Looks great! That replica Buffalo impresses me every time I see a pic of it


----------



## razor1uk (May 15, 2015)

Lovely pics and museum, love the Meteor and the AMX13 105 AM
I wish the new site much luck and visitors - it looks nicer (if a little smaller) than the D Day Museum in Normandy (that I went to in 1990 on a school trip)

Thankx Marcel for posting about it


----------



## razor1uk (May 15, 2015)

Delete this post, lagging browser doubled posting issue ..blah blah etc.


----------



## vikingBerserker (May 15, 2015)

That is just beautiful!


----------



## DerAdlerIstGelandet (May 15, 2015)

I love the Do-24! Most beautiful seaplane ever built.

Reactions: Like Like:
1 | Like List reactions


----------



## Gnomey (May 16, 2015)

Excellent shots Marcel!


----------



## Airframes (May 16, 2015)

Great stuff Marcel. I read a snippet about this in either 'Fly Past' or 'The Aeroplane' recently, and wondered if you'd get to visit, so thanks for posting.


----------



## Capt. Vick (May 16, 2015)

Excellent pictures of an awesome museum my friend. That buffalo was built by the craftsmen at the Cradle of Aviation Museum here on Long Island. So at least it has some Long Island connection, just like the real ones.


----------



## Marcel (May 17, 2015)

That's right Vick. And it became a beautiful replica. It has been in storage since it came here, waiting for the new museum to open. 

Terry, I wanted to go earlier, but it was very popular and there have even been traffic jams, the first weeks it was open. So I decided to wait a bit untill it was less crowded. Still there were a lot of people this day. The museum setup is very modern and interactive. Many diehard history lovers don't like it, too much entertainment they say, so I went there with mixed feelings. But actually the museum did a great job, very informative and lots of fun. The kids really like it. It will help to interest future generations for military history, so mission accomplished.


----------



## Shinpachi (May 17, 2015)




----------



## nuuumannn (May 17, 2015)

Terrific photos Marcel, would really like to get there some day. A pity some of the aircraft become silhouettes as a result of the extensive glass work. The Do 24 is on long term loan from the RAF Museum; it was gifted to the museum by the Spanish, whose markings it was displayed in for many years at Hendon. Far more appropriate location in Holland since the machine was designed with the Dutch in mind. Do like the Buffalo reproduction.


----------



## Jeff Hunt (May 18, 2015)

Marcel said:


> . Many diehard history lovers don't like it, too much entertainment they say, so I went there with mixed feelings. But actually the museum did a great job, very informative and lots of fun. The kids really like it.

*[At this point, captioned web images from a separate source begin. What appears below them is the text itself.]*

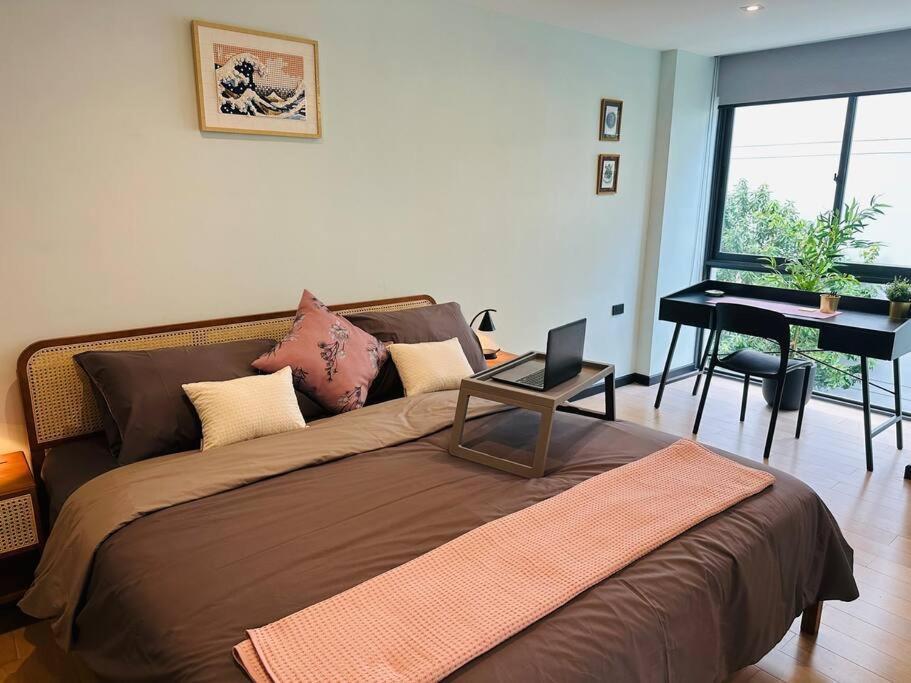 Serene In The Heart Of Bkk - The Great Wave Apartment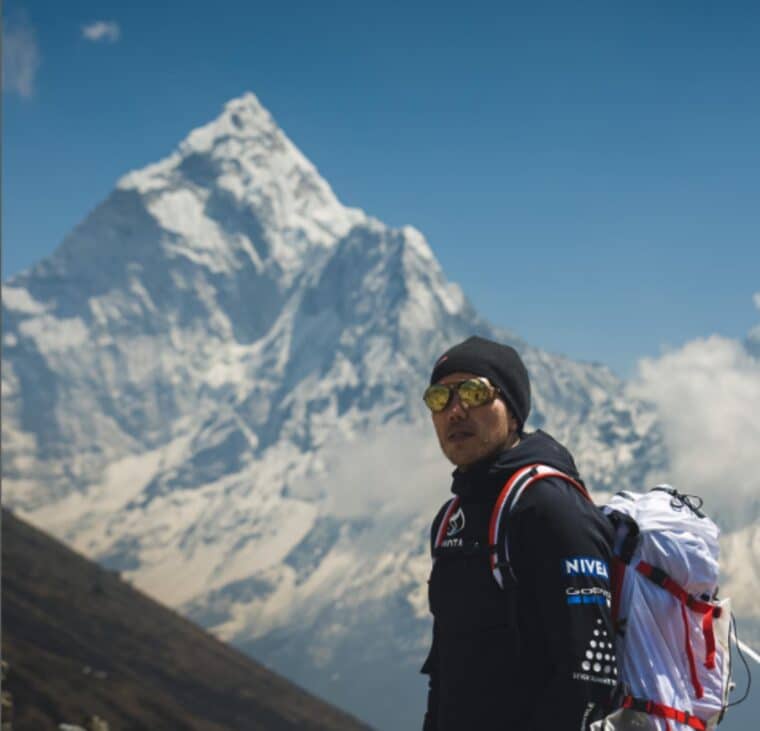 Un hombre ciego y un doble amputado hicieron historia al llegar a la cima del monte Everest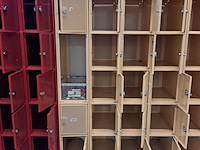 Ca. 17x (locatie deventer) lockerkast, rood en beige - afbeelding 3 van  7
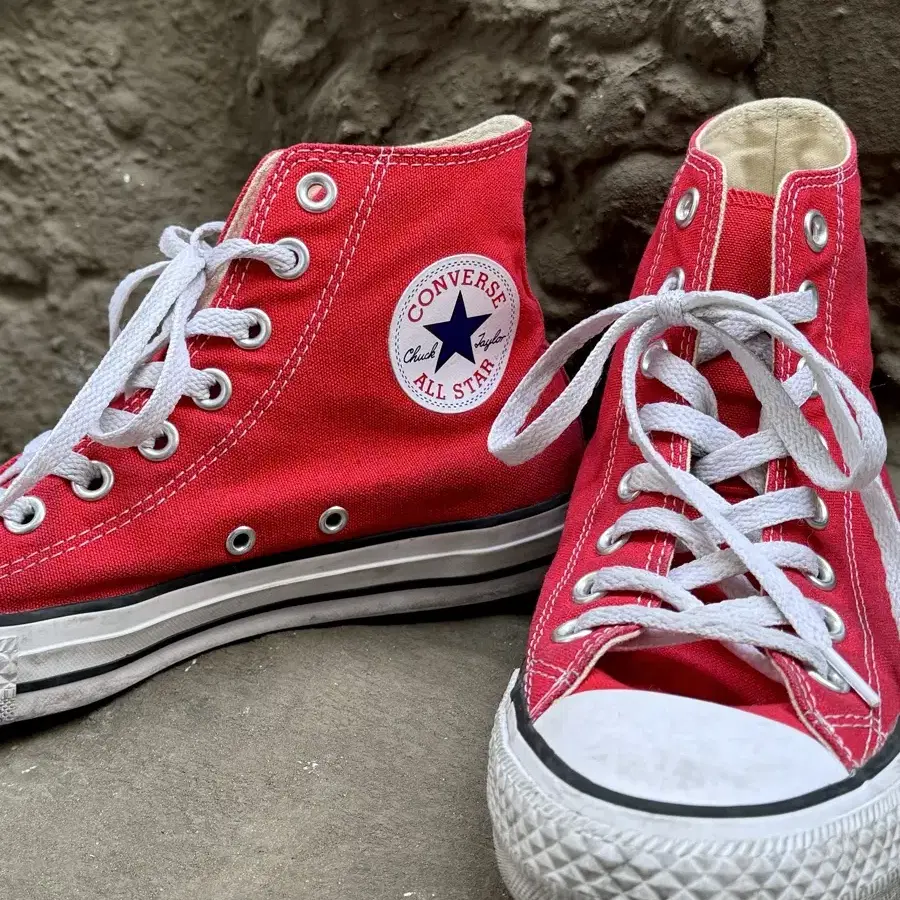 CONVERSE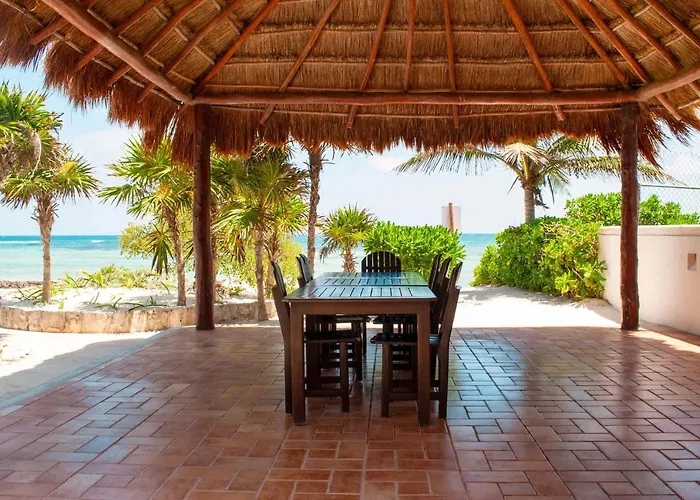 Tanik * Akumal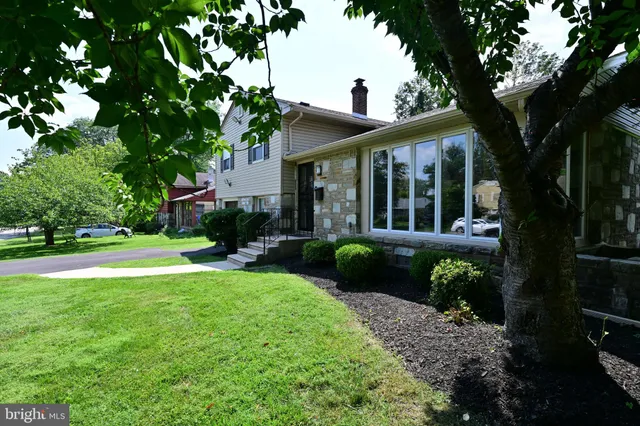 $630,000 | 446 Twickenham Road, Glenside, PA 19038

It will help to interest future generations for military history, so mission accomplished.



Let me begin by saying an excellent job with the photos of what looks to be a wonderful museum.

As for all the gimmicks and entertainment., this is much like air shows I suppose with their bouncy inflatable castles and the like. Shows and museums I guess must expand their offereings to get people through the door to pay the bills. A small price to pay, in my opinion, to keep the aircraft available to us.

Cheers and once again, nice museum report.

Jeff


----------



## Crimea_River (May 18, 2015)

Good pics Marcel. Looks like a nice collection. The Do-24 does stand out.


----------



## Marcel (May 18, 2015)

Yes, that was already true when it was still in the cramped MLM, but now it has all the room and light that it needs. Still wish it could fly in formation with the Lelystad Catalina though.

If anyone of you ever comes to the Netherlands, go to this museum and give me a pm, so I have an excuse to go again


----------



## Wurger (May 18, 2015)




----------



## DerAdlerIstGelandet (May 18, 2015)

Marcel said:


> Yes, that was already true when it was still in the cramped MLM, but now it has all the room and light that it needs. Still wish it could fly in formation with the Lelystad Catalina though.
> 
> If anyone of you ever comes to the Netherlands, go to this museum and give me a pm, so I have an excuse to go again



Why need an excuse at all?


----------



## Marcel (May 19, 2015)

DerAdlerIstGelandet said:


> Why need an excuse at all?



True , actually I don't

Reactions: Like Like:
1 | Like List reactions


----------



## Wayne Little (May 20, 2015)

great pics Marcel.


----------



## vikingBerserker (May 20, 2015)

How far away from you is this place?


----------



## Marcel (May 20, 2015)

vikingBerserker said:


> How far away from you is this place?



It's about an hour's drive. Soesterberg is near Utrecht, I live near Rotterdam.


----------